By a decree of the President dated the 2d December, the French people were convoked in their[pg 280] respective districts for the 14th of the month to accept or reject the following plébiscite: "The French people wills the maintenance of the authority of Louis Napoleon Bonaparte, and delegates to him the powers necessary to frame a Constitution on the bases proposed in his proclamation of the 2d December." On that day the voting consequently commenced by universal suffrage; and the President has been re-elected for ten years by a majority greatly exceeding that of his contest with Cavaignac. In Paris, of 394,049 registered voters 197,091 have voted in the affirmative; 95,511, in the negative; and 96,819 abstained from voting. The majority for Louis Napoleon being 191,500. In the provinces he has had a majority of eight to one. The inauguration of the usurper took place in the church of Notre Dame on the 3d of January, and the new order of things has been recognized by all the courts of Europe.
On the 25th of November a French squadron appeared before Salee, to claim satisfaction for an act of piracy committed by the inhabitants of that town. The Caid asked for six days to take the orders of the Emperor of Morocco; and the Caid of Rabat sent a similar evasive reply. The next day the French bombarded the place for seven hours, the fire being returned by both forts of Rabat and Salee. The Admiral, however, confined his chastisement to the latter, which he thoroughly performed, and fired the town in several places. The French fleet arrived at Tangier on the morning of the 29th, when the Consul-General for Morocco and several officers of the squadron landed, and had an interview with the Bashaw of the province, which ended in a satisfactory arrangement, to the great relief of the people of Tangier, who were in consternation at the prospect of sharing the fate of their neighbors.

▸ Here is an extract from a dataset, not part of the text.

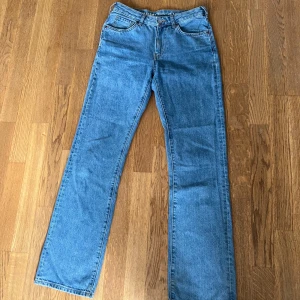 Jeans  - 🤎Jättefina jeans från BikBok - low straight waist i storlek w26 l32 🤎Använda men i jättefint skick  🤎Nypris 699kr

From Austria we learn the partial amelioration in private business of the financial difficulties. The Emperor published, on the 1st of January, decrees, that whereas the provisions of the constitution were cancelled by the imperial edict of August 20, 1851, the last principles of political right conceded by the constitution are now disavowed. There now exists no political right in the empire. The Austrian government continues to watch with the keenest anxiety the proceedings of the exiled Italians and Hungarians, and by very stringent arrangements in regard to the press, and the interdiction of most foreign journals, keeps the "dangerous classes" in ignorance of the sympathy with which they are regarded from abroad.

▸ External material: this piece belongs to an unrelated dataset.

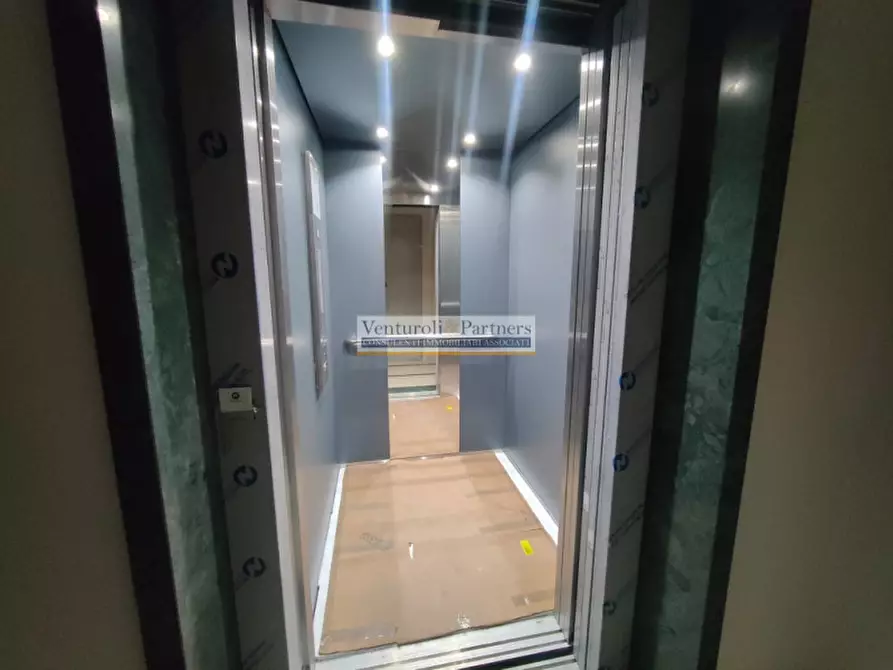 Immagine 23 di Appartamento in vendita  in Via Pace a Desenzano Del Garda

The Queen of Spain, by a spontaneous act of her royal clemency, granted a pardon to all such prisoners, made in the last expedition against the Isle of Cuba, as are citizens of the United States, whether they be already in Spain, undergoing the punishments they have incurred, or whether they be still in Cuba. The queen on the 20th of December gave birth to a princess, who is heir to the throne.
From China there are reports that the Emperor has been compelled to resign in favor of the revolutionary general, whose triumphant march through many revolted provinces has, from time to time, been noticed in the last half year. The statement, however, does not appear to be credited by some of the best informed London journals.

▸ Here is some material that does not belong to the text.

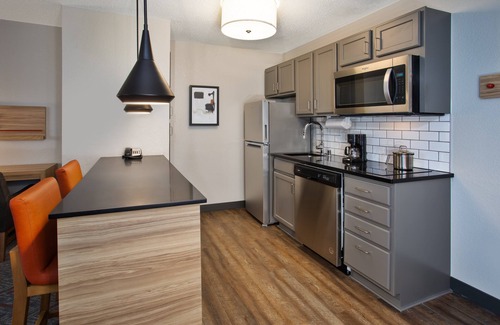 Kenosha Hotel | Candlewood Suites Kenosha – Pleasant Prairie by IHG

The Queen of Madagascar is bent on exterminating Christianity in her dominions, and has long mercilessly persecuted those who prefer the "new religion." In the last outburst of this protracted persecution, four persons were burnt alive; fourteen precipitated from a high rock and crushed to death; a hundred and seventeen persons condemned to work in chains as long as they live; twenty persons cruelly flogged with rods, besides 1,748 other persons mulcted in heavy penalties, reduced into slavery, and compelled to buy themselves back, or deprived of their wives and families. Persons of rank have been degraded, and sent as forced laborers to carry stone for twelve months together to build houses; and, in an endless variety of other ways have the maddened passions of one wicked woman been permitted now for years past to plunge a great country in ruin.
There has been a serious Mussulman riot at Bombay, occasioned by the Parsee editor of an illustrated newspaper, in each number of which is given a life and portrait of some remarkable historical character, having published—in the series (next to one of Benjamin Franklin)—a life and portrait of Mahomet. Both are said to have been unexceptionable according to European ideas, but the whole Mussulman population (145,000 in number) considered their faith insulted and outraged by the publication, holding it sacrilege and idolatry to imagine and print any likeness whatever of so sacred a personage.